Application of Hoffman

A. PAUL LOMMEN, Judge

(dissenting).

I respectfully dissent.

The purpose of section 624.714 is to restrict the class of persons entitled to permits to carry handguns in public places. Blore v. Mossey, 311 Minn. 288, 290, 249 N.W.2d 447, 448 (1976). The Minnesota Supreme Court has stated:

The statute is intended to prevent the possession of firearms in places where they are most likely to cause harm in the wrong hands, i.e., in public places where their discharge may injure or kill intended or unintended victims. The only exception to this rule is for persons who have demonstrated a need or purpose for carrying firearms and have shown their responsibility to the police in obtaining a permit.

State v. Paige, 256 N.W.2d 298, 303 (Minn.1977) (emphasis added). “A particular need for carrying a pistol must be demonstrated before the permit will be granted.” Application of Atkinson, 291 N.W.2d 396, 399 (Minn.1980).

The majority attempts to distinguish these cases on the basis that they concern application for permits based on personal safety hazards, whereas Hoffman’s application was based on his occupation. I believe this is a distinction without a difference.

The trial court in this case ordered the Mankato Department of Public Safety to issue a permit to respondent because his *215occupation requires that he carry a handgun. It should be noted, however, that respondent’s occupation requires him to carry a handgun only because respondent’s employer requires he carry a handgun. The employer’s requirement, in turn, is based on the policy of Menard’s.
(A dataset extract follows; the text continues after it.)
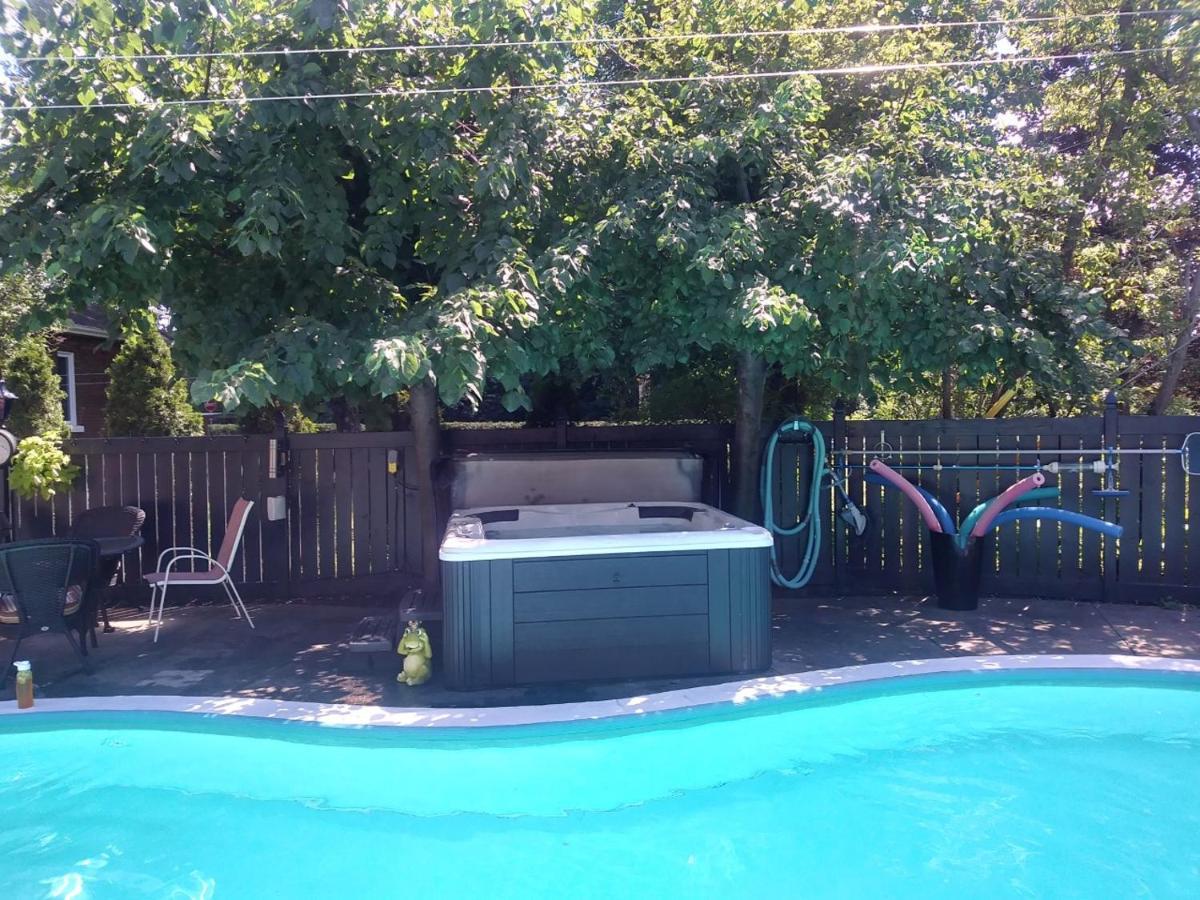 Gite Chez Baza Shawinigan Exterior photo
I agree with the argument of the city: the purpose of the statute, limiting the class of persons entitled to carry handguns in public, is ill-served by permitting an employer’s subjective fears to override the objective showing of need required in Blore, Paige, and Atkinson. The majority’s holding will allow handguns “ * * * in public places where their discharge may injure or kill intended or unintended victims.” Paige, 256 N.W.2d at 303.

I am similarly unconvinced that the criteria developed by the Mankato Department of Public Safety constitute additional requirements for a handgun permit. If, as I believe is the case, an applicant must demonstrate an objective need before a handgun permit will be issued, there must be criteria to judge whether that showing has been made. The criteria in this case represent a laudable effort by the Mankato Department of Public Safety to ensure that applications for handgun permits are granted or denied based on specific, articulable criteria applied to all applications rather than on whim or caprice.

Finally, I dissent from the majority’s determination of the reasonableness of Hoffman’s employer’s policy requiring handguns. The wisdom of the policy is debatable; that, however, is not the point. The trial court’s finding of fact cannot be reversed by this court unless clearly erroneous. Minn.R.Civ.P. 52.01. The majority does not demonstrate what is clearly erroneous about the trial court’s finding of unreasonableness. I believe this finding is amply supported by the testimony of Lawrence May, whose testimony on the standards of the American Society of Industrial Security, the absence of security guards in other retail settings and particularly May’s refusal to supply armed guards, forcing Menard’s to take its business elsewhere, demonstrated the unreasonableness of the policy. I agree with counsel for the City of Mankato: the possible use of deadly force to guard lumber and insulation is unreasonable.